Получается, в итоге тактически церковь выиграла, а в стратегическом плане проиграла?
От раскола проиграли все. Понимаете, у каждой из противоборствующих сторон была своя правда. Патриарх Никон и его сторонники совершенно справедливо пытались преодолеть замкнутость и отсталость Русской православной церкви, стремясь восстановить ее авторитет, но при этом действовали сумбурно и непоследовательно, не гнушаясь применением откровенного террора против церковной оппозиции.
Аввакум и другие староверы мужественно противостояли неграмотному насилию светской и духовной власти. В своем евангельском сопротивлении они явили первый в России пример массового проявления гражданского неповиновения, но их невероятная гордыня, антиинтеллектуализм и постоянное обращение к прошлому («до нас положено: лежи оно так во веки веком») сослужили им дурную службу.
В результате обе группировки, Никона и Аввакума, в ожесточенной схватке просто уничтожили друг друга, а во главе Русской православной церкви стали совсем другие люди, не участвующие в этом конфликте.
Например?
Это церковные иерархи, которые не ушли в староверы и формально приняли «никонианство». Их позицию на Большом Московском Соборе 1666-1667 годов, где был низложен патриарх Никон и преданы анафеме противники его преобразований, очень ясно выразил чудовский архимандрит Иоаким: «Я не знаю ни старой веры, ни новой, но что велят начальницы, то я готов творить и слушать их во всем». Через семь лет Иоаким станет следующим московским патриархом, предпоследним в досинодальный период Русской православной церкви.

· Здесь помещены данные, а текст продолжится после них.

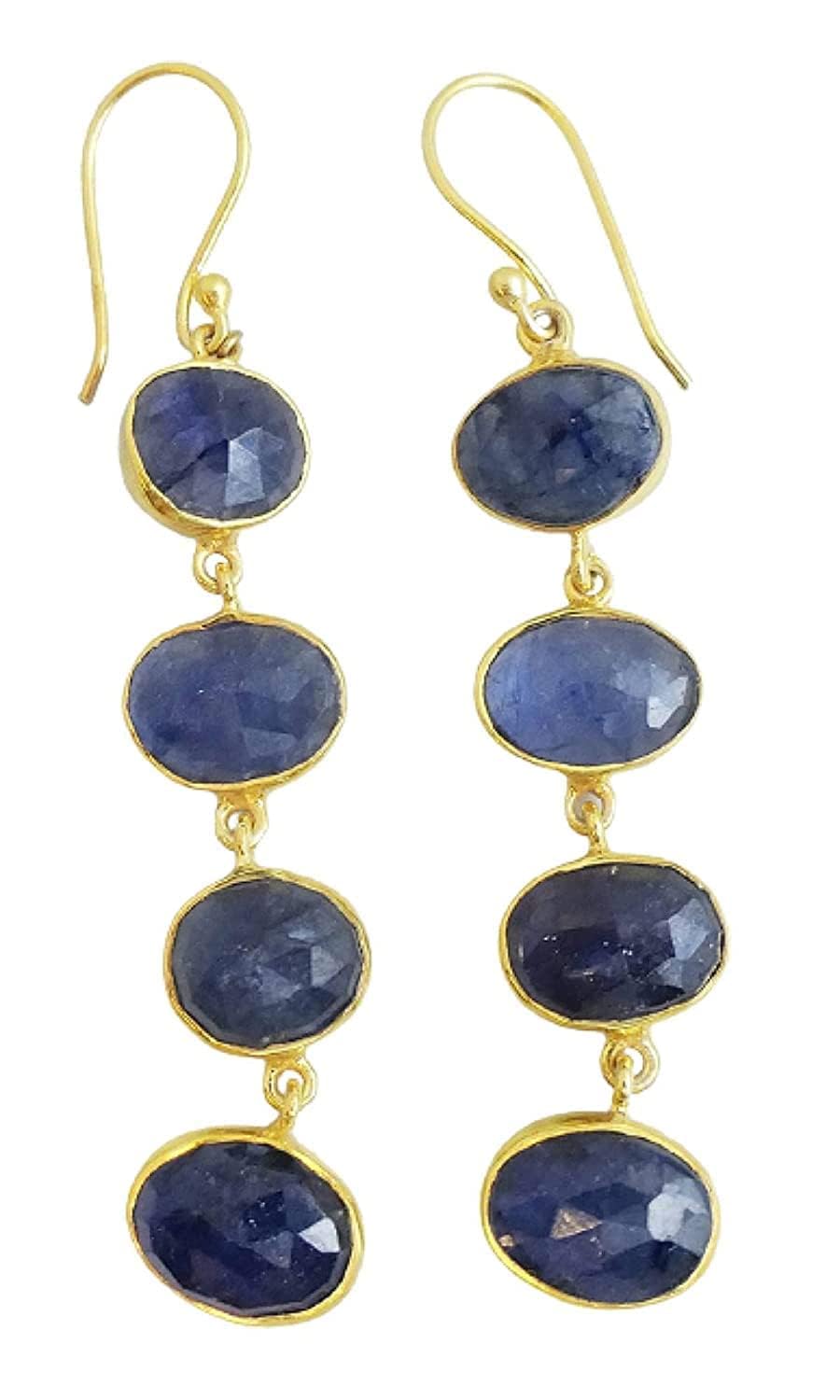 Pendientes de plata de ley con baño de oro de cianita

Возможно ли сейчас или в обозримом будущем преодоление раскола и примирение официальной церкви со старообрядцами?
В 1971 году Поместный собор Русской православной церкви постановил «об упразднении клятв Московского Собора 1656 года и Большого Московского Собора 1667 года, наложенных ими на старые русские обряды и на придерживающихся их православно-верующих христиан, и считать эти клятвы, "яко не бывшие"». Но Собор 1971 года с этой его лукавой формулировкой «яко не бывшие» так и не снял проблему, а перед старообрядцами тогда никто даже не извинился за десятки тысяч погубленных жизней.
Лишь в 2000 году Русская православная церковь за границей на Архиерейском соборе нашла в себе мужество принести покаяние перед староверами. В покаянии этом есть пронзительные слова о долговременных последствиях раскола: «мы со скорбью признаем, что великое гонение нашей Церкви в прошедшие десятилетия может быть отчасти и Божиим наказанием за преследование чад старого обряда нашими предшественниками».
Но в 2007 году Русская зарубежная церковь воссоединилась с Русской православной церковью. Московский патриархат признает это покаяние?
Московский патриархат делает вид, что этой проблемы вообще не существует, так как полагает, что все необходимое было сказано на Соборе 1971 года и подтверждено на Соборе 1988 года. Работает специальная старообрядная комиссия, которая будто бы ищет пути диалога. Чтобы преодолеть религиозный раскол XVII века, РПЦ должна сильно измениться, а это вряд ли случится, пока не произойдут серьезные перемены в самой России.